Movie fans among those reading this article might well be familiar with a film called Up In The Air which starred George Clooney – one of my favourite actors, might I add – playing out the role of a, wait for it, ‘transition consultant’. In this movie it was the responsibility of George’s character – who was employed by a big consultancy firm – to fly around recession-hit America firing unwitting – and mostly random folks – on behalf of their, well, jittery – some might say pusillanimous – employers. These, well, pusillanimous employers had given lucrative contracts to George’s firm – some obscure management consultancy turned roving elite firing squad – to do their dirty work for them. George was one of a number of transition consultants at his firm who would be dispatched to carry out their dastardly deeds, deeds which were far, far from swift and easy to undertake because of the increasingly volatile nature of the individuals George and his cadre would encounter upon their travels. Can you imagine one day going into work, only to be summoned to some sealed off conference room as soon as you’re settled at your desk awaiting your coffee, to be unceremoniously engaged by some completely inconspicuous – yet obscure and sometimes even strange – individual to be told by the foregoing that your position at your – now former – company no longer exists and that you will, henceforth, be on some scrapheap unless, of course, you don’t begin your quest for an alternative livelihood, like, now? (Well, perhaps not in those specific terms.)
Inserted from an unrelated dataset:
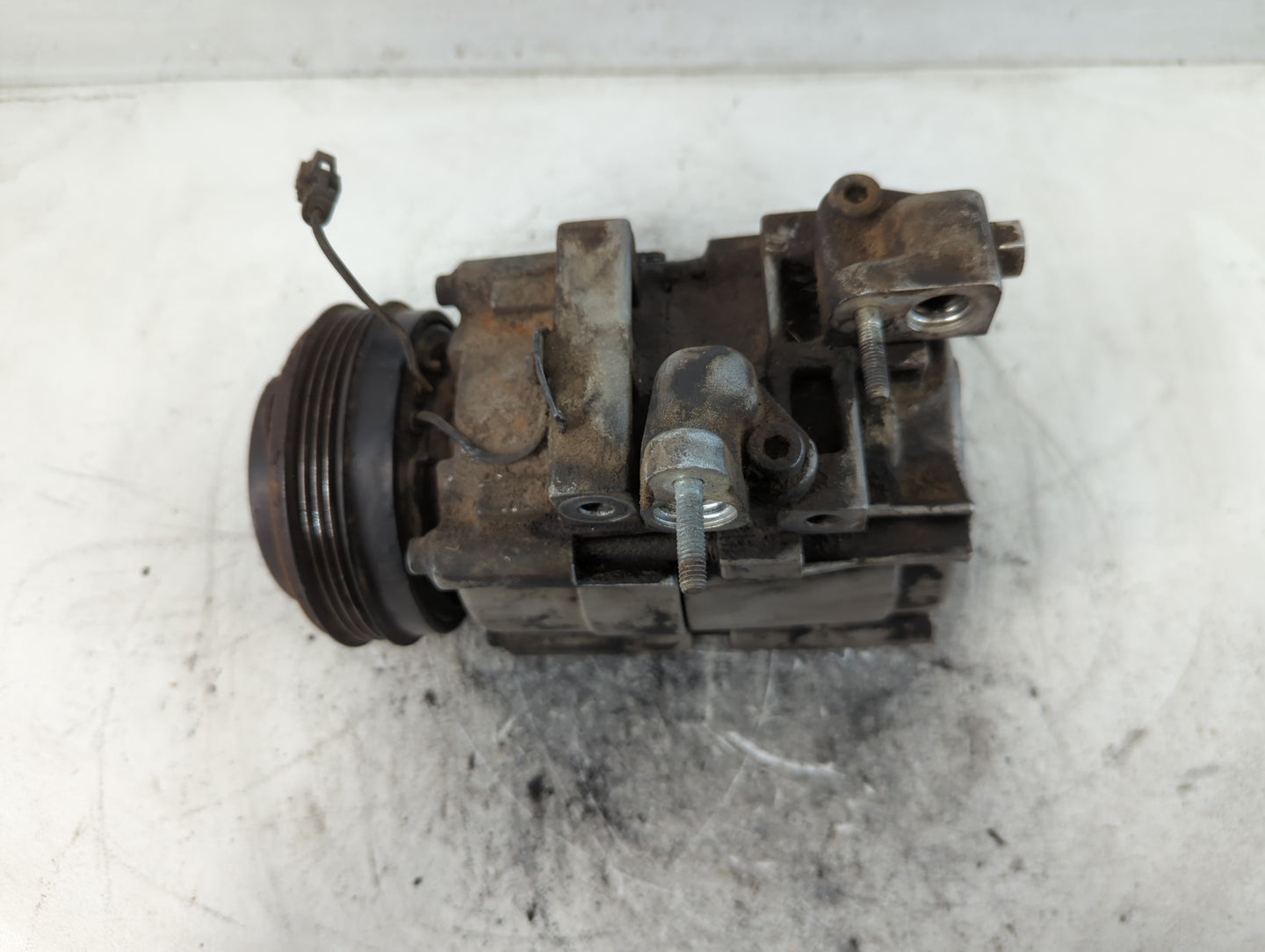 2003-2006 Kia Sorento Air Conditioning A/c Ac Compressor Oem - Oemusedautoparts1.com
Anyway, this story – allow me to apprise you – is not about George or Up In The Air. This story is about a real life transition consultant who, for two years, was contracted all over the great and historical City of London to dispatch some of the most benign, frightful, taciturn, outspoken, refined, uncouth, disheveled, and classy people working for all kinds of public and private sector enterprises in the Year of Our Lord 2010: this story is about me: the author of this very article you here now peruse. Becoming a transition consultant (or to use a flagrantly inappropriate term: a butcher) was not something I had never – never – thought of doing even in my most cynical bursts of imaginative creativity. Like love – or so they tell me – it just happened. But, allow me to correct my seemingly erroneous rendering of the term ‘love’ here mentioned: this newly adopted vocation of mine was a most unlovely one, and one which I was pushed into doing at the time because of the pervasive, sapping, and pernicious recession that hit us – the unwitting proletariat – much like a modern day Hiroshima and Nagasaki, in 2008; but, thankfully, without the atomic payload. It all started in the Fall of 2007 when the private sector company I was working for began a very novel and interesting – or so it seemed at the time – in-house marketing campaign, entitled ‘THINK BIG’. It was all quite unexpected and very, very random to suddenly initiate a campaign of this sort in the midst of all that was going on at the time: like all decent and sinister horror movie plots: it didn’t make sense – not initially, anyway.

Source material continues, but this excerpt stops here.